Again this discussion does not adequately describe the ethical problems with economic determinations of all values. In fact it leaves the impression that if non-market values can be discovered the problems of transforming all values to commodity values are adequately dealt with.

Chapter 3, also includes additional statements about the ethical limits of economic reasoning sprinkled throughout the chapter. They include:

1. Most normative analyses of solutions to the climate problem implicitly involve contestable ethical assumptions.(IPCC, 2014. WG III, Ch. 3, pg.10)

2. However, the methods of economics are limited in what they can do. They can be based on ethical principles, as Section 3.6 explains. But they cannot take account of every ethical principle. They are suited to measuring and aggregating the wellbeing of humans, but not to taking account of justice and rights (with the exception of distributive justice − see below), or other values apart from human wellbeing. (IPCC, 2014.WG III, Ch. 3, pg. 24)

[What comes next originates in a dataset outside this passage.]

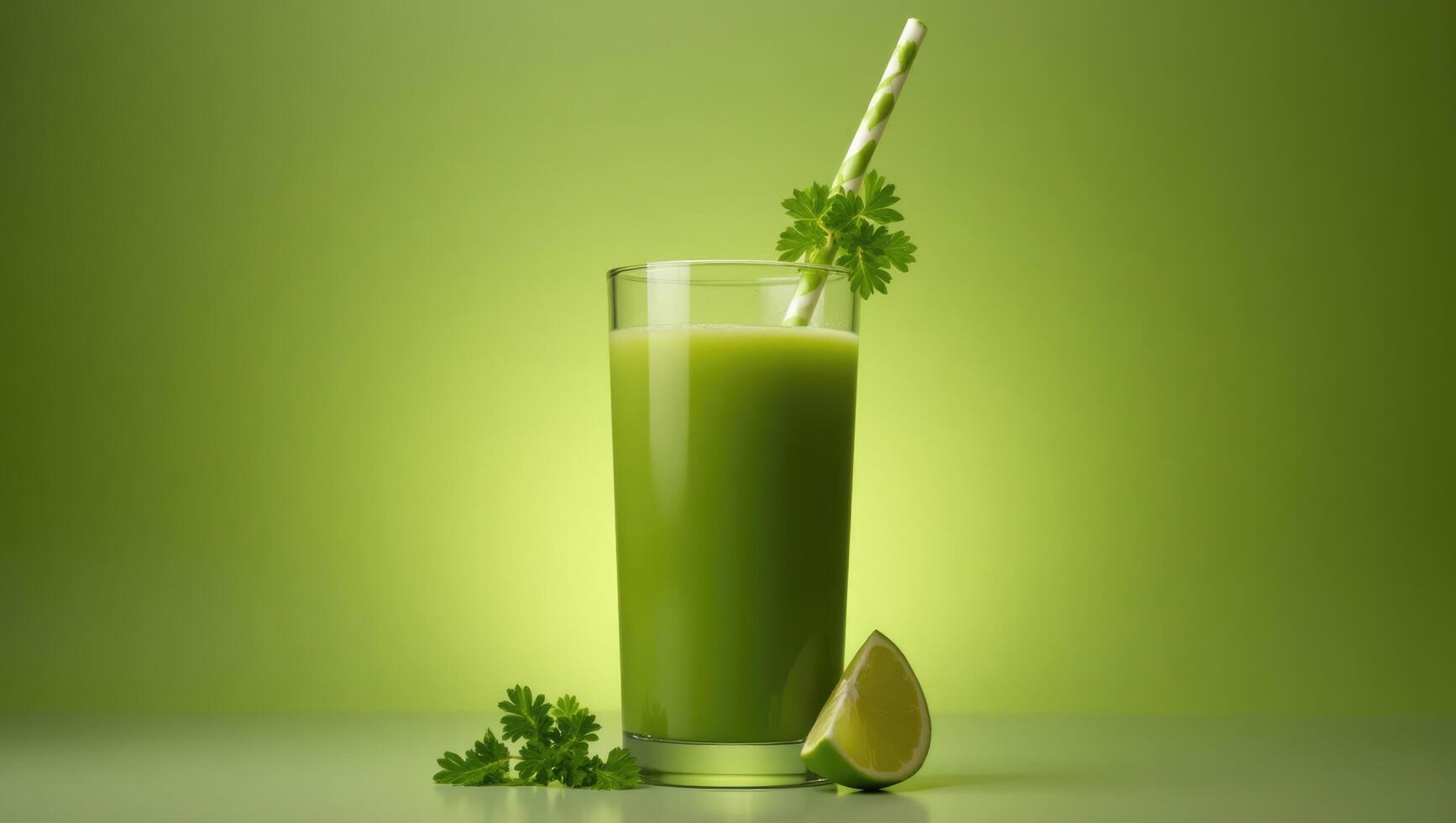 Zesty Green Lemon Juice with Vibrant Garnish for Refreshment photo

And so Chapter 3 of the IPCC report contains a number or clear assertions  about the ethical limitations of economic arguments. However there are important gaps missing from this analysis. Also several sections of Chapter 3 that can be interpreted as claims that policy makers are free to choose economic reasoning as justification for climate policies. That is, some of the text reads as if a policy-maker is free to choose whether to base policy  on economic or ethical and justice considerations, choosing between these two ways of evaluation is simply an option. Some of these provisions follow with responses in italics

Chapter 3 page 6 says:

Many different analytic methods are available for evaluating policies. Methods may be quantitative (for example, cost‐benefit analysis, integrated assessment modeling, and multi‐criteria analysis) or qualitative (for example, sociological and participatory approaches). However, no single best method can provide a comprehensive analysis of policies. A mix of methods is often needed to understand the broad effects, attributes, trade‐offs, and complexities of policy choices; moreover, policies often address multiple objectives  (IPCC, 2014.WG III, Ch. 3, pg. 6)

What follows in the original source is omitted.